Implied Fair Value Gap (IFVG)

An Implied Fair Value Gap (IFVG) is a subtle variation of the standard FVG where the candle wicks overlap (no visible gap), but a hidden imbalance still exists within those wicks. The IFVG zone is derived using the 50% midpoints of the adjacent candles' wicks, creating a mathematically defined entry zone that standard FVG identification misses.

Definition

An Implied Fair Value Gap occurs in a 3-candle displacement sequence where the wicks of Candle 1 and Candle 3 overlap (meaning there is NO visible standard FVG), but an implied imbalance still exists within those overlapping wicks. The IFVG zone is identified using the Consequent Encroachment method: for a Bullish IFVG, the zone spans from the 50% midpoint of Candle 1's upper wick to the 50% midpoint of Candle 3's lower wick. For a Bearish IFVG, the zone spans from the 50% midpoint of Candle 3's upper wick to the 50% midpoint of Candle 1's lower wick. This mathematically derived zone represents the 'implied' imbalance that still attracts price for rebalancing.

Why It Matters

IFVGs reveal institutional imbalances that standard FVG identification completely misses. Since the wicks overlap, most traders see no gap and skip the setup entirely. However, the algorithm still recognizes the imbalance within those wicks and will seek to rebalance through it. IFVGs often act as the precise entry zone during retracements — price fills the implied gap even though no visible gap exists on the chart.

How to Identify

  1. Identify a 3-candle displacement sequence (strong momentum move with a large-bodied middle candle) on your working timeframe.
  2. Check for a standard FVG first (Candle 1 wick high < Candle 3 wick low for bullish, or Candle 1 wick low > Candle 3 wick high for bearish). If a standard FVG exists, use that instead.
  3. If NO standard FVG exists (wicks of C1 and C3 overlap), check for an IFVG using the 50% wick midpoint method.
  4. For Bullish IFVG: Calculate the 50% midpoint of Candle 1's upper wick (between C1 body high and C1 wick high) and the 50% midpoint of Candle 3's lower wick (between C3 wick low and C3 body low). If C1's wick midpoint is below C3's wick midpoint, the zone between them is the Bullish IFVG.
  5. For Bearish IFVG: Calculate the 50% midpoint of Candle 1's lower wick and the 50% midpoint of Candle 3's upper wick. If C1's wick midpoint is above C3's wick midpoint, the zone between them is the Bearish IFVG.
  6. The IFVG zone is typically narrower than a standard FVG — this makes entries more precise but the zone can fill quickly.

How to Trade

  1. Identify the IFVG on your entry timeframe (1m-15m) within the context of a larger trade idea (HTF bias + killzone + MSS).
  2. Mark the IFVG zone — the area between Candle 1's body close/open (near side) and Candle 3's body open/close (near side).
  3. Wait for price to retrace into the IFVG zone. Since IFVGs are narrow, limit orders at the zone boundary can be effective (more precise than market orders).
  4. Stop loss goes beyond the displacement candle (Candle 2) extreme or beyond the full wick range of the 3-candle sequence.
  5. Target the next liquidity pool or PD array in the trade direction.
  6. If the IFVG zone is fully closed (price passes through it with conviction), it is no longer valid — treat it as filled.

Common Confusions

IFVG vs standard FVG

IF wicks don't overlap (visible gap between C1 and C3) THEN standard FVG. IF wicks overlap BUT the 50% wick midpoints still show a gap THEN IFVG. IF wicks overlap AND wick midpoints also overlap THEN no gap of any kind.

IFVG vs Inversion FVG

An Inversion FVG is a standard FVG that has been traded through and now acts as the opposite (support becomes resistance or vice versa). An IFVG is a body-level gap that was never visible at the wick level. They are completely different concepts.

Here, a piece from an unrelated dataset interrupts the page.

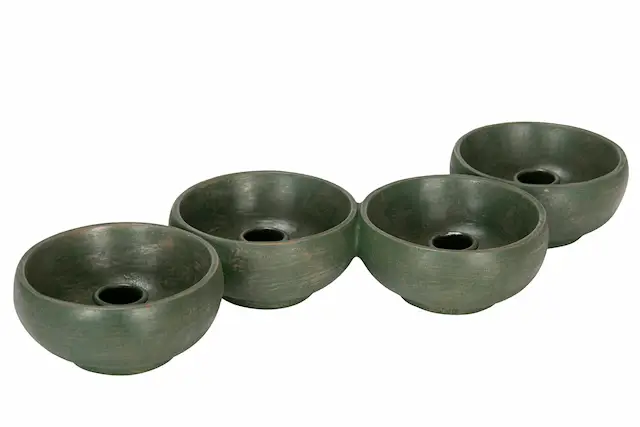 Candle Holder Bowl Green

Thinking IFVGs are less valid than standard FVGs

IFVGs can be equally valid as PD arrays. The body-level gap still represents institutional imbalance. They are simply harder to spot, which means fewer traders are watching them — potentially making them more reliable for entries.

Pre-Trade Checklist

  • Three-candle sequence identified?
  • Wicks overlap (no visible gap)?
  • 50% wick midpoints calculated?
  • Hidden imbalance zone marked?
  • Displacement context present?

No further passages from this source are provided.